Prof. Dr. Nathanael Raschzok received a grant of € 1.85 million for the first three years from the German Research Foundation (Deutsche Forschungsgemeinschaft, DFG) for the Pilot, open, prospective, randomized, multicenter trial on expanding the donor pool by quality assessment of liver grafts declined for transplantation by normothermic ex vivo liver perfusion – ExTra. Co-applicants and/or significantly involved in the preparation of the study were Prof. Dr. Johann Pratschke, Prof. Dr. Igor M. Sauer, Prof. Dr. Dominik Modest, and Priv.-Doz. Dr. Simon Moosburner.

Liver transplantation in Germany is severely limited by a critical shortage of acceptable grafts and a high mortality rate on the waiting list. Furthermore, a significant number of organs are declined due to quality concerns. As demonstrated in pilot studies in the UK, Netherlands, Australia, and the United States, declined liver grafts can and should be used for transplantation after quality assessment by normothermic ex vivo liver machine perfusion (NMP).

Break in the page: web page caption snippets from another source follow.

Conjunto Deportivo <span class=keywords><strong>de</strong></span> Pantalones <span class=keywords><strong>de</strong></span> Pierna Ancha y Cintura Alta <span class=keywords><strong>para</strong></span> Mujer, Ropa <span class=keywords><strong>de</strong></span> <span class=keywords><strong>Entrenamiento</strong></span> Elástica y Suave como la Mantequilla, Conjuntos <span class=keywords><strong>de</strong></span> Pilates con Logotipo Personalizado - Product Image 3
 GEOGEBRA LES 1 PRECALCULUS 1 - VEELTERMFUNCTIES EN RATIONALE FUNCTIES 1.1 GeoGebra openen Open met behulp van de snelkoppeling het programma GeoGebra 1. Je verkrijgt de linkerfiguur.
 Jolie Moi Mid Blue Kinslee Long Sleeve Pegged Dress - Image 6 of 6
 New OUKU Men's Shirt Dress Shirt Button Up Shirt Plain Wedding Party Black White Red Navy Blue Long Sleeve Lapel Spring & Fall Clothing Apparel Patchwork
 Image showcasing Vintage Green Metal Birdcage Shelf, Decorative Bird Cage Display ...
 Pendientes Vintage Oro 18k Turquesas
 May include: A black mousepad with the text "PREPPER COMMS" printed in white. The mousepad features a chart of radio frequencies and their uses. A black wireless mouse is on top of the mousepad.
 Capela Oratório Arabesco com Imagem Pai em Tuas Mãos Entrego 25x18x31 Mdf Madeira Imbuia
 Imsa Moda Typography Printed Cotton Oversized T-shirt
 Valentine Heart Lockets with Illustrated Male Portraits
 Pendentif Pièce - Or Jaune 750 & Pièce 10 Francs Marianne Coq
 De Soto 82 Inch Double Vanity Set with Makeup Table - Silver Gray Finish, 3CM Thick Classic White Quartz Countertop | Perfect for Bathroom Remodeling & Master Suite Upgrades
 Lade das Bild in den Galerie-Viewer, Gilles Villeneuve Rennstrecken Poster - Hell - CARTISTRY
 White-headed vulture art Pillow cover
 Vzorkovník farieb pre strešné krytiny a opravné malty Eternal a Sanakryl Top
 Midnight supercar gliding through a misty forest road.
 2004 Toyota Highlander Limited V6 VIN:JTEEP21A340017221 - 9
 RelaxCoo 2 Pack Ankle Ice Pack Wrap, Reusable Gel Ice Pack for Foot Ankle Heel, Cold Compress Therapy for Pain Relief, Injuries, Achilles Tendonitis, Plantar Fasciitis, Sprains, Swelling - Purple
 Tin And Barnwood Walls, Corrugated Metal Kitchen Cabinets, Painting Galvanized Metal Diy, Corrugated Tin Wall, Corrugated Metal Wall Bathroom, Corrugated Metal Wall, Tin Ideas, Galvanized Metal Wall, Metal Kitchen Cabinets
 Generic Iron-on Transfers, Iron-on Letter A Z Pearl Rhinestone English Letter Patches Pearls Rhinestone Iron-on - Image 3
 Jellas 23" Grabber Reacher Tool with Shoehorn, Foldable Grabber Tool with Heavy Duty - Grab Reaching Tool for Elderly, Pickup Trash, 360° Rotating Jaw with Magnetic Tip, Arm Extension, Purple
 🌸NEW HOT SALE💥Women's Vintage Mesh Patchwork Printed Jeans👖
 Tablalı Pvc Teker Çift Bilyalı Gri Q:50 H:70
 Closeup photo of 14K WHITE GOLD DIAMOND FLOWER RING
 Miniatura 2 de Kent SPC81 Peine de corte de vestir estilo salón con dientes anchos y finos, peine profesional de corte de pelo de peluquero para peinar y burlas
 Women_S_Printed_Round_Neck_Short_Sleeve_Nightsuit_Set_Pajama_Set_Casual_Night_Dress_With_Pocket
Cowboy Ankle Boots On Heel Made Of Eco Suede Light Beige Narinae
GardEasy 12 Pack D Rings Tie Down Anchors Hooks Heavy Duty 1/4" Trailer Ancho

The ExTra trial is a randomized controlled trial with a specific focus on patients with a model for end-stage liver disease (MELD) score ≤25 that are not eligible for (non)standard MELD exceptions. This cohort of patients faces an unacceptably long wait time for transplantation, which increases their mortality risk while on the waitlist. The ExTra trial aims to demonstrate that the time-to-transplant for these patients is shortened through the use of grafts that were initially declined for transplantation but fulfill specified quality criteria on normothermic ex vivo machine perfusion assessment. A total of 186 patients will be randomized in a 1:1 fashion to the experimental arm, which consists of a 12-month option to receive a liver graft that was declined by all German transplant centers but meets specified quality criteria, in addition to listing for liver transplantation through the standard allocation process. The control arm will consist of patients who are waitlisted for liver transplantation through the standard allocation process. Liver grafts that have been declined for transplantation must meet specific quality criteria. These include a maximum of 60% macrovesicular steatosis, no fibrosis greater than stage F3, and no cirrhosis. In line with previously published viability criteria for initially declined liver grafts, the decision to use or decline the graft will be made at least four hours after the start of perfusion.

The ExTra trial aims to show that by expanding the donor pool to include the ExTra option of non-transplantable organs, which appear to be usable after machine perfusion, patients without a high MELD score can be transplanted significantly faster. The ExTra trial is thus the first study worldwide in which this concept will be investigated in a randomized clinical trial. The study should make an important contribution to expanding the donor pool for liver transplants and thus ultimately help all patients on the waiting list for liver transplantation.